#### [EXERCISE DESCRIPTION]
Copy word for word the lines of the records below, beginning at the one with "لوسترفانتزی" and finishing at the one with "frayeurfrayeur's profile picture.", ends included, but none of the pictures.

#### [EXERCISE MATERIAL]

+ + + + + + +

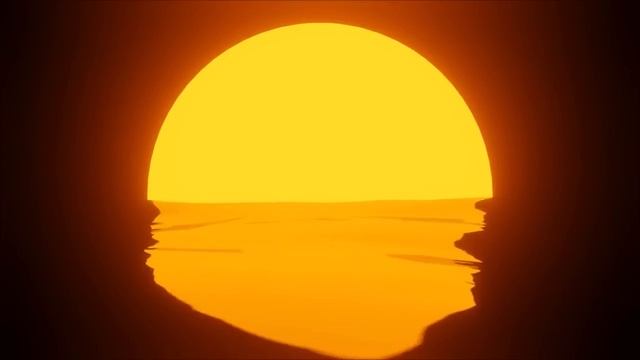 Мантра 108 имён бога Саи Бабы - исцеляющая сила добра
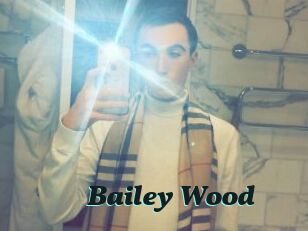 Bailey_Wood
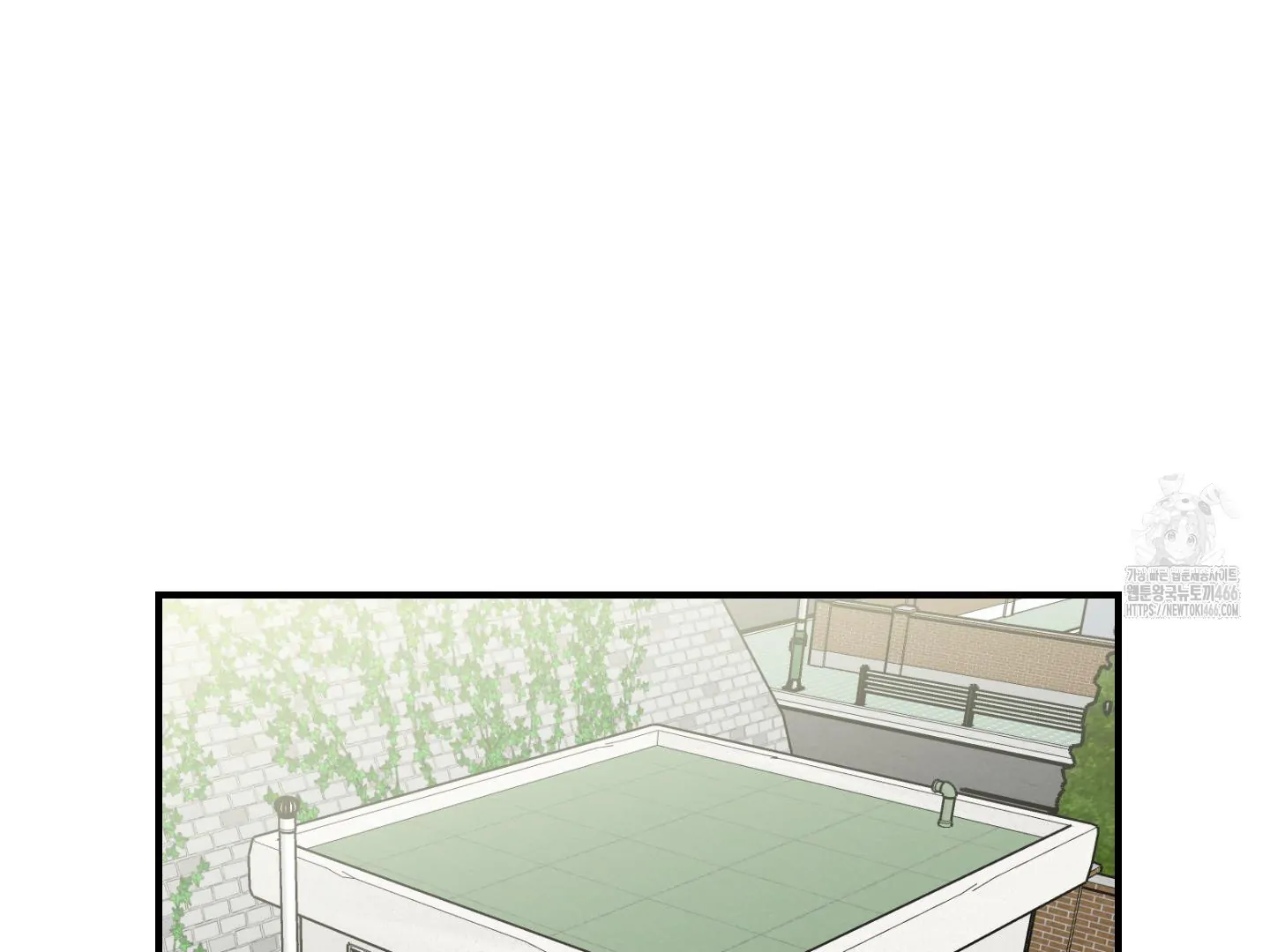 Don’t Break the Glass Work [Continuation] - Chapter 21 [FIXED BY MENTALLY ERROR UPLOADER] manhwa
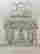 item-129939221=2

+ + + + + + +

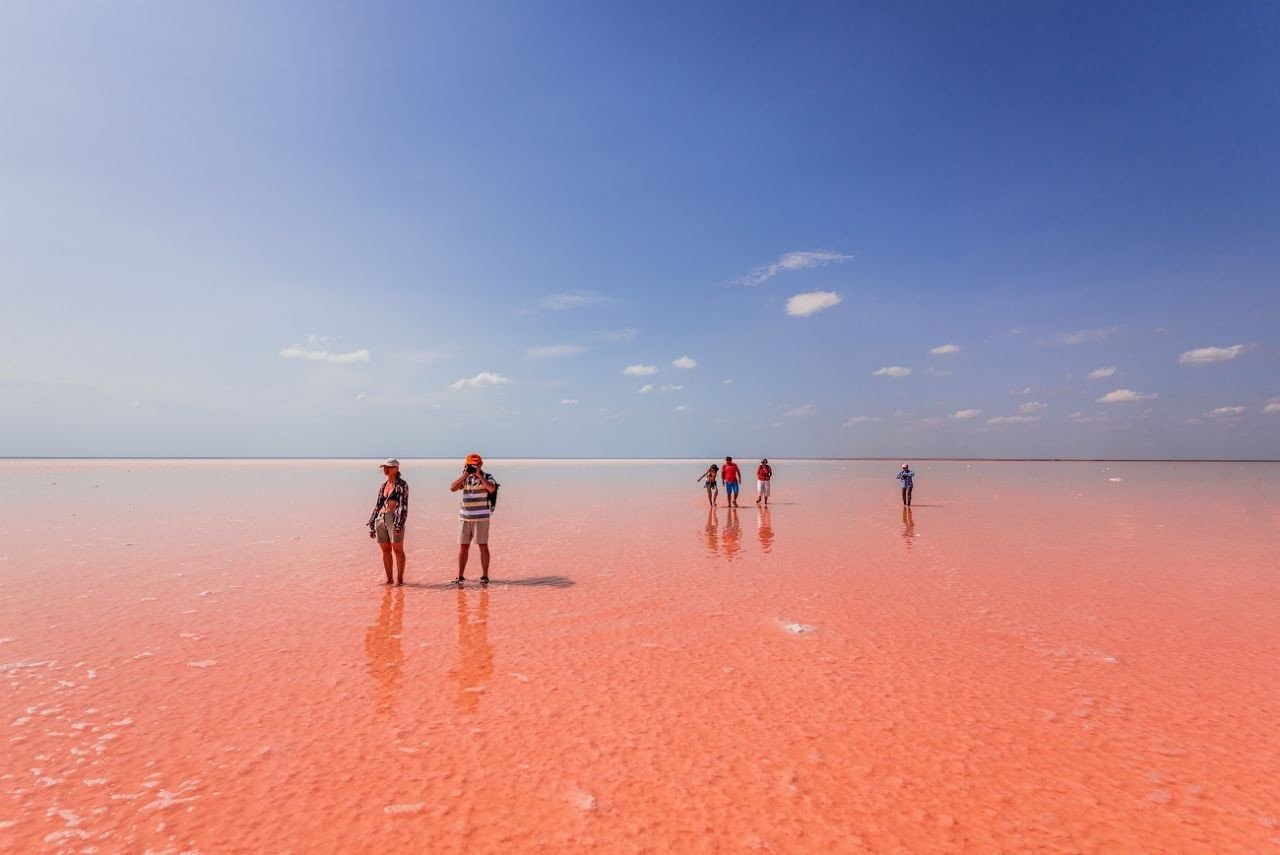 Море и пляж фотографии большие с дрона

+ + + + + + +

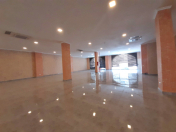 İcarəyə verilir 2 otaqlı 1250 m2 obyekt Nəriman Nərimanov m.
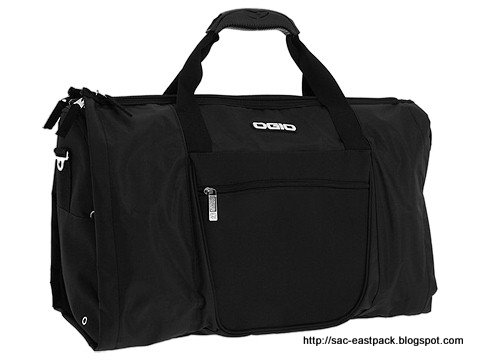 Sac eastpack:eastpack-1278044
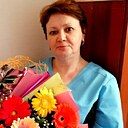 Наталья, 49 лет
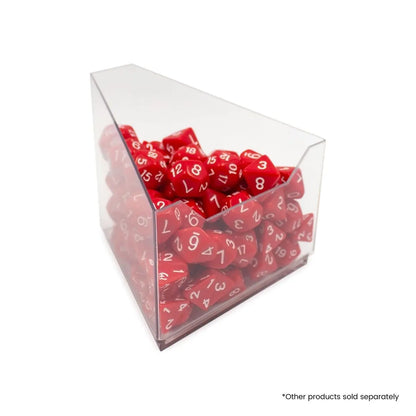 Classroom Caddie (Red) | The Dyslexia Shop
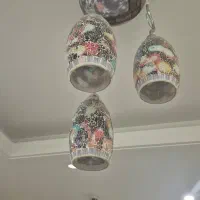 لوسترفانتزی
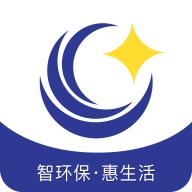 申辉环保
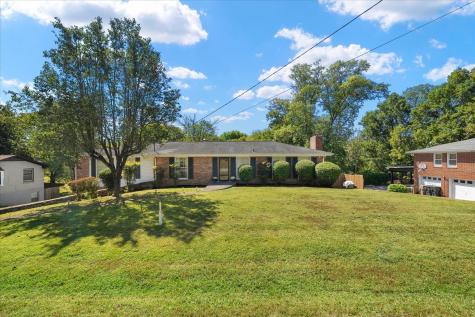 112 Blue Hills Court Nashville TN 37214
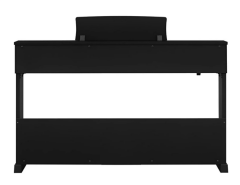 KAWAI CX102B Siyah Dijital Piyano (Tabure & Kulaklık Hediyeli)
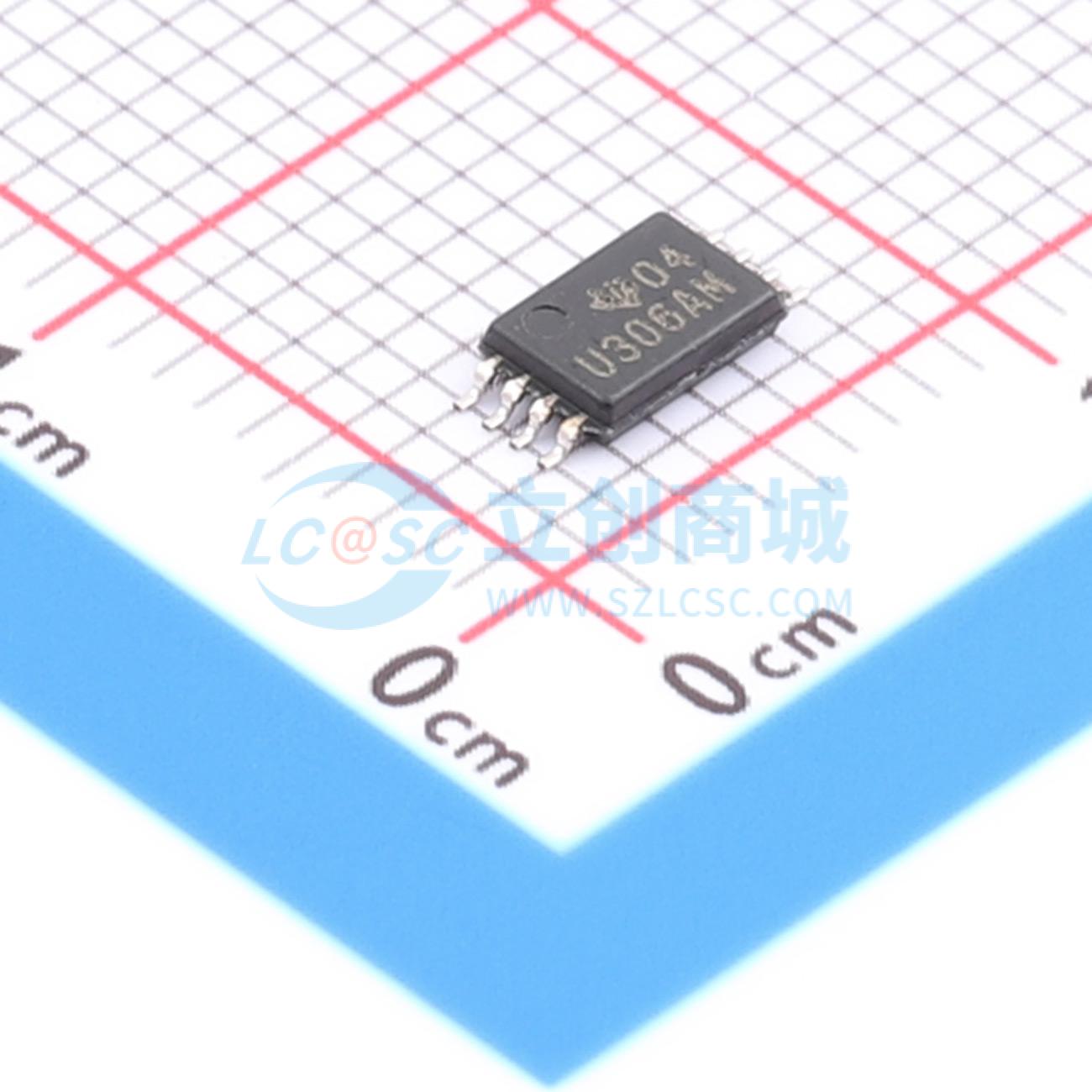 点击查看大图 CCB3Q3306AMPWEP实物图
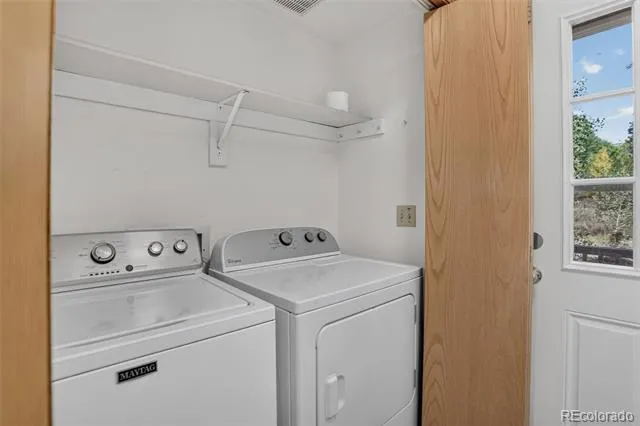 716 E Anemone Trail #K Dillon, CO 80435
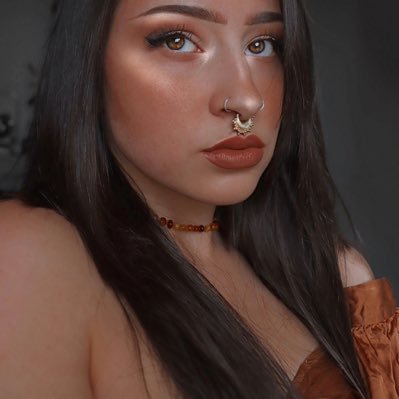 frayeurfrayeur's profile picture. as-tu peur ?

+ + + + + + +

#### [RESULT FOR THIS TASK]
 لوسترفانتزی
 申辉环保
 112 Blue Hills Court Nashville TN 37214
 KAWAI CX102B Siyah Dijital Piyano (Tabure & Kulaklık Hediyeli)
 点击查看大图 CCB3Q3306AMPWEP实物图
 716 E Anemone Trail #K Dillon, CO 80435
 frayeurfrayeur's profile picture. as-tu peur ?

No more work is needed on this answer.